计算机工程与应用 ›› 2022, Vol. 58 ›› Issue (3): 181-186.DOI: 10.3778/j.issn.1002-8331.2008-0125

• 模式识别与人工智能 • 上一篇    下一篇

基于GCN的虚假评论检测方法

曹东伟,李邵梅,陈鸿昶   

  1. 1.郑州大学 中原网络安全研究院,郑州 450000
    2.中国人民解放军战略支援部队信息工程大学,郑州 450000
  • 出版日期:2022-02-01 发布日期:2022-01-28

Fake Reviews Detection Method Based on GCN

CAO Dongwei, LI Shaomei, CHEN Hongchang   

  1. 1.Zhongyuan Network Security Research Institute, Zhengzhou University, Zhengzhou 450000, China
    2.People’s Liberation Army Strategic Support Force Information Engineering University, Zhengzhou 450000, China
  • Online:2022-02-01 Published:2022-01-28

摘要: 服务类网站的用户评价是消费者选择的重要参考,受商业利益的驱使,点评网站上充斥着大量不符合产品真实特性的评论,虚假评论的检测与治理,对于监督网站运营,净化网络环境具有重要的意义。为了提升虚假评论的检测结果,在基于词和文档构建的图神经网络进行文本分类的基础上,提出基于融合语义相似度的图卷积网络(sematic-graph convolution networks)的虚假评论检测方法。基于PMI(pointwise mutual information)指数以及基于词嵌入度量的语义相似度构建词与词之间的连边,基于TF-IDF特征值构建词与评论之间的连边;利用图神经网络的传递特征对上述构建的词汇-评论异质文本图中的节点特征信息进行聚合和抽取,捕获词与评论节点之间的高阶特征信息实现分类。在公开数据集上,相对于CNN、LSTM及Text-GCN,提出方法的准确率分别提升7%、4.8%和1.3%。

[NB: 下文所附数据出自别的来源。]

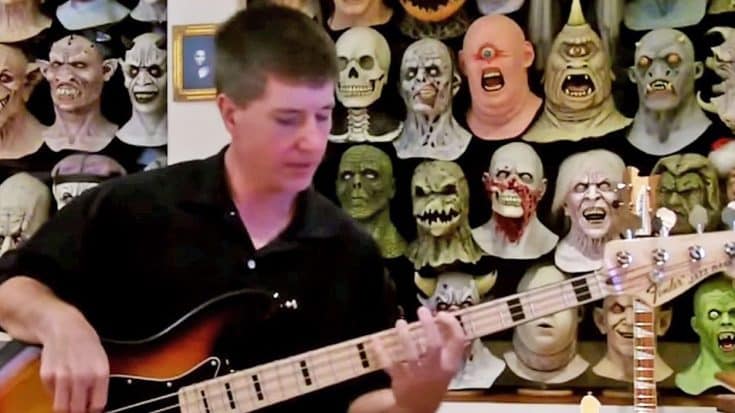 When This Mask Collector Starts Playing Bass To ‘I Know A Little,’ You Just Have To Boogie | Country Music Videos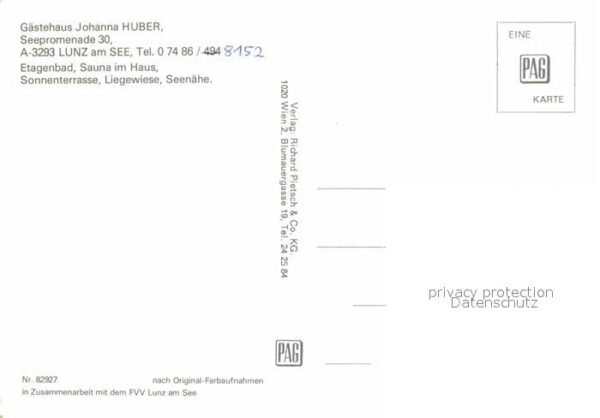 Lunz See Niederoesterreich Gästehaus Huber Gaststube Kirche – Bild 2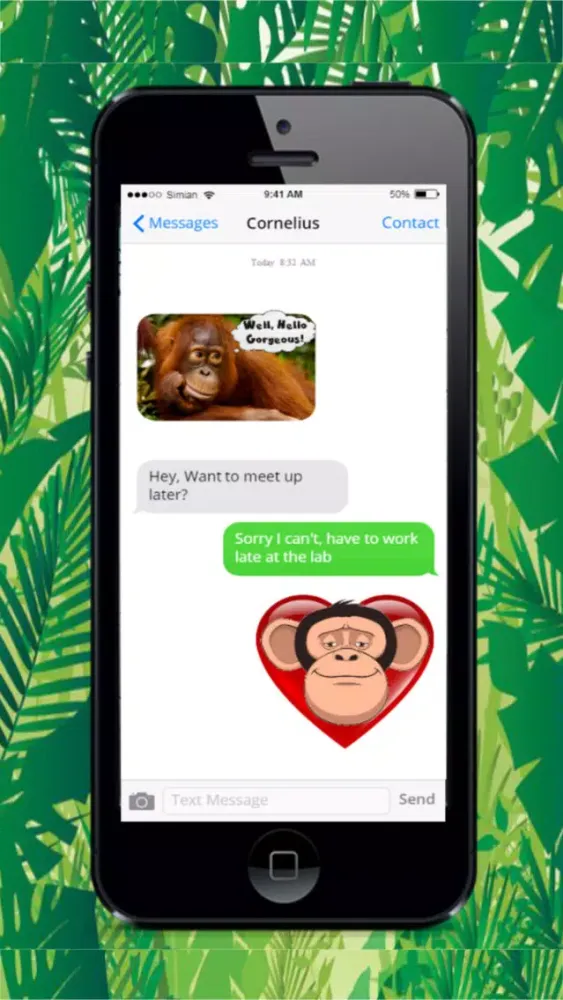 Zrzuty ekranu Ape World: Premium Stickers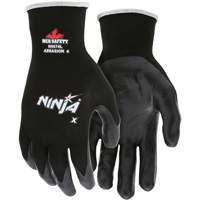 Gants enduits Ninja, Grand, R&ecirc;vetement Bipolym&egrave;re, Calibre 15, Enveloppe en Nylon/Lycra Solutions industrielles ALPHA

关键词: 图卷积网络(GCN), 虚假评论, 语义相似度, 异质文本图

Abstract: User evaluation of service websites is an important reference for consumers to choose, driven by commercial interests, review websites are filled with a large number of reviews that do not conform to the true characteristics of the product, the detection and management of fake reviews is of great significance for monitoring website operations and purifying the network environment. In order to improve the detection results of fake reviews, basing on the text classification based on graph neural network constructed by words and documents, this paper proposes a fake review detection method based on sematic-graph convolution networks(Sem-GCN). It constructs the connection between words and words based on the PMI(pointwise mutual information) index and the semantic similarity based on the word embedding measurement, and constructs the connection between words and comments based on the TF-IDF feature value, and then uses transfer characteristics of graph neural networks to aggregate and extracts the node feature information in the vocabulary-review heterogeneous text graph constructed above, and captures the high-level feature information between the word and the review node to achieve classification. On the public dataset, compared with CNN, LSTM and Text-GCN, the accuracy of this method is increased by 7%, 4.8% and 1.3% respectively.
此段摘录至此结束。